Data extracted from a collection:

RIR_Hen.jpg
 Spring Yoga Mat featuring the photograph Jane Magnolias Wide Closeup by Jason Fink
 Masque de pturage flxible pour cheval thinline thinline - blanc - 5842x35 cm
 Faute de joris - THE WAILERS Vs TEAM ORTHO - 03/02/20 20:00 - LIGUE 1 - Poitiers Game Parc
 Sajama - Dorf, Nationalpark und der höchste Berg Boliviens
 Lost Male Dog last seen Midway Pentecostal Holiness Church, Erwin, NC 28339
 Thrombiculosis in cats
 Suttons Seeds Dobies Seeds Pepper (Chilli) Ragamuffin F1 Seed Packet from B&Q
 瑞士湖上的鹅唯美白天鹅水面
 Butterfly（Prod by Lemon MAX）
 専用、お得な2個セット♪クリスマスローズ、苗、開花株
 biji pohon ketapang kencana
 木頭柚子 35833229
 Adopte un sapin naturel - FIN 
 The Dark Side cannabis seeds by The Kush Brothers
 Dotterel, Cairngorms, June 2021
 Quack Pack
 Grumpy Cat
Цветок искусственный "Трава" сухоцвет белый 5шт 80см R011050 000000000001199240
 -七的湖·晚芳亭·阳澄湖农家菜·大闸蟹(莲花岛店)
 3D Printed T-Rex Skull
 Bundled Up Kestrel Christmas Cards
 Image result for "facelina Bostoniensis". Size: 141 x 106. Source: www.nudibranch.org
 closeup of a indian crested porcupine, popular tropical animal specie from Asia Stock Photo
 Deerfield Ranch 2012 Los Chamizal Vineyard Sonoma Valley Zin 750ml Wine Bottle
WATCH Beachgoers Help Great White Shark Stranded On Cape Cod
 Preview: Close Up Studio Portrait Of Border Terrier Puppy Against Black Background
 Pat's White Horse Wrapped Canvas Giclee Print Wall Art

Exercise prompt
Starting with the line that contains "WATCH Beachgoers Help", restate every line through the end of the records above, exactly and with no other lines.

Answer section
WATCH Beachgoers Help Great White Shark Stranded On Cape Cod
 Preview: Close Up Studio Portrait Of Border Terrier Puppy Against Black Background
 Pat's White Horse Wrapped Canvas Giclee Print Wall Art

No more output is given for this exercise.